Renewable energy sources also have a much smaller impact on the environment compared to fossil fuels. Fossil fuels produce pollutants such as greenhouse gases as a by-product, contributing to climate change. Gaining access to fossil fuels typically requires either mining or drilling deep into the earth, often in ecologically sensitive locations.
Green energy, however, utilizes energy sources that are readily available all over the world, including in rural and remote areas. Advances in renewable energy technologies have lowered the cost of solar panels, wind turbines and other sources of green energy, placing the ability to produce electricity in the hands of the people rather than those of oil, gas, coal and utility companies.
Green energy can supplement or replace the use of fossil fuels in all major areas of use including electricity, water heating, home appliances, and fuel for motor vehicles. Types of green energy include solar power, wind power, hydropower, geothermal energy, and biomass.
But despite this optimism for green energy, many investors still remain cautious. As the U.S. is becoming more reliant on electricity, there is still no perfect model for providing renewable energy power to meet the demand on a national scale.
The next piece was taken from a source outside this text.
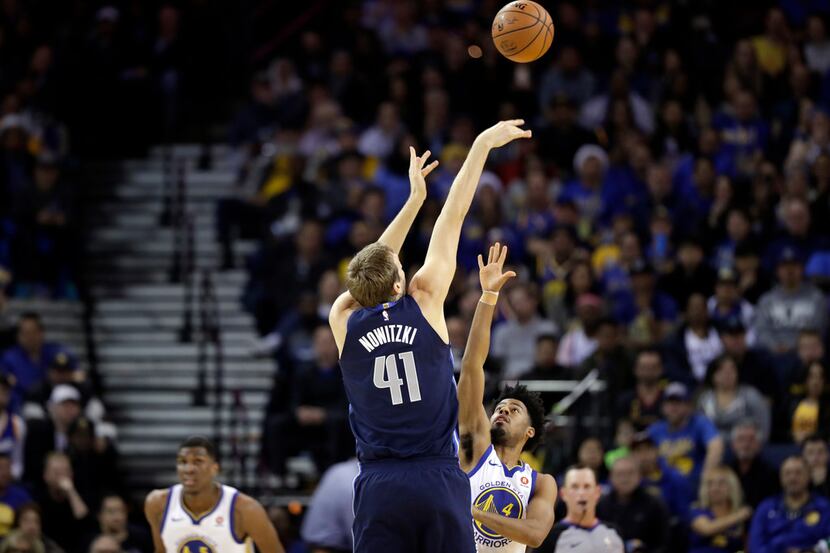 Dallas Mavericks' Dirk Nowitzki (41) shoots against the Golden State Warriors during the...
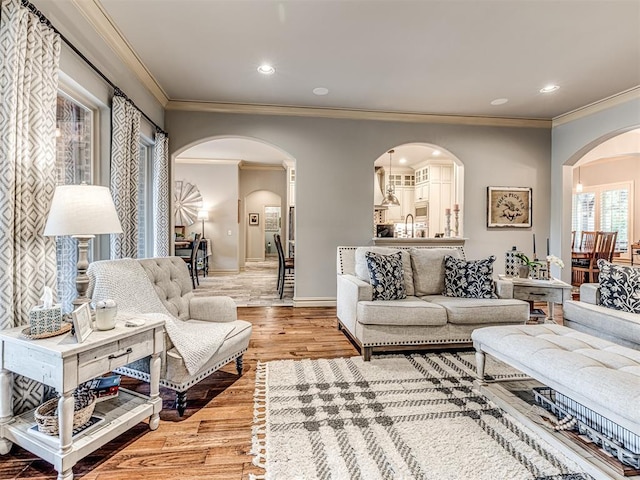 living room with crown molding, arched walkways, baseboards, and wood finished floors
The U.S. power grid is evolving to support more renewable energy and the emerging demand for power for electric vehicles is imposing intense pressure on the energy supply. Further, many climate scientists expect increases in extreme weather events, which would further test the system’s vulnerabilities. As the 2021 Texas Power Crisis suggests, major structural changes and innovations in the production of renewables are still necessary for the future of green energy.
Why Investing in Green Energy is Gaining More Interest Now
GLOBAL ENERGY CONSUMPTION EXPECTED TO GROW
In its newly released International Energy Outlook 2019, the U.S. Energy Information Administration (EIA) projects that world energy consumption will grow by nearly 50% between 2018 and 2050, led by Asia.
Global Primary Energy Consumption by Region (2010-2050)
COMMITMENTS & FUTURE GOALS TO INVEST SIGNIFICANT CAPITAL INTO RENEWABLES
President Joe Biden plans to invest $2 trillion in clean-energy initiatives over the next four years, with a loftier goal of making America a net-zero-emissions country by 2050. Just how much progress he can make remains largely up to the composition of Congress, but most analysts expect a much more accommodative Washington for green energy over the next few years.
China has now committed to reaching carbon neutrality by 2060, putting the world’s biggest market for solar and wind power on the path to ramp up installations as it begins its next five-year plan.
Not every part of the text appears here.